Brad Holtz, WTTS & WGCL/Indianapolis President/General Manager shared his belief that there are things that radio can do better to improve the listening experience for the audience. “What are those things? Maintain a respectful spot load. An eleven-minute break with 20 units is simply not fair to a listener OR to the advertiser who’s stuck in the middle of the pod. Focus on relevance. While many corporate clusters are focused on transactional and programmatic buying, this oftentimes leads to messages that are completely misaligned. So much listening is done online, yet for many stations the online listening experience is an afterthought. Hence, dead air, an endless stream of the same PSAs, from stations that cover spots online.

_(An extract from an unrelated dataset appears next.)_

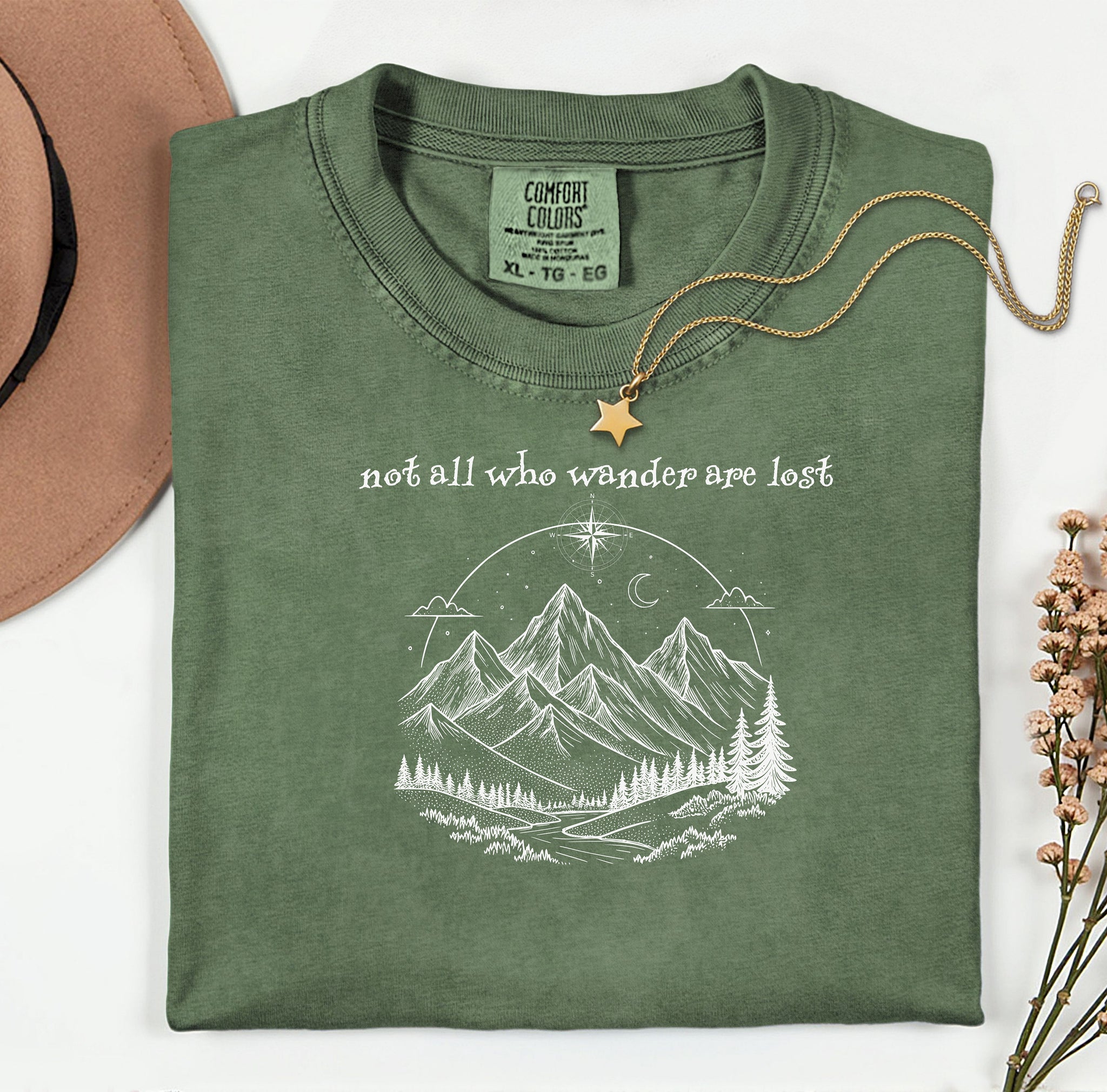 Not All Who Wander Are Lost T-shirt featuring an artistic nature scene with hand-drawn mountains, pine trees, a winding trail, and a starry sky with a crescent moon. This adventurous design, printed on a soft, hemp color comfortable unisex tee, inspires exploration, travel, and a free-spirited lifestyle. Perfect for hikers, nature lovers, and wanderers who embrace the journey and find peace in the great outdoors.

There is a great opportunity to create attention-getting content that could not only keep listeners through a break, but strengthen brand identity.” My interpretation of his suggestion is “never miss a chance to entertain or inform.” Respect the listener.

Bob Lawrence: VP/Market Manager for New South Communications in Jackson, MS noted that “it’s sad that a larger percentage of our terrestrial product is not being utilized through smart speakers. We need to cut through whatever barriers keep those numbers from being much higher. This is an education issue, not just for listeners but for the industry as a whole.” I support what Bob said. When we first hear of the Amazon Echo and Google Home, and before we knew them as Smart Speakers, I was excited. Smart Speakers put radio back into the home and the workplace.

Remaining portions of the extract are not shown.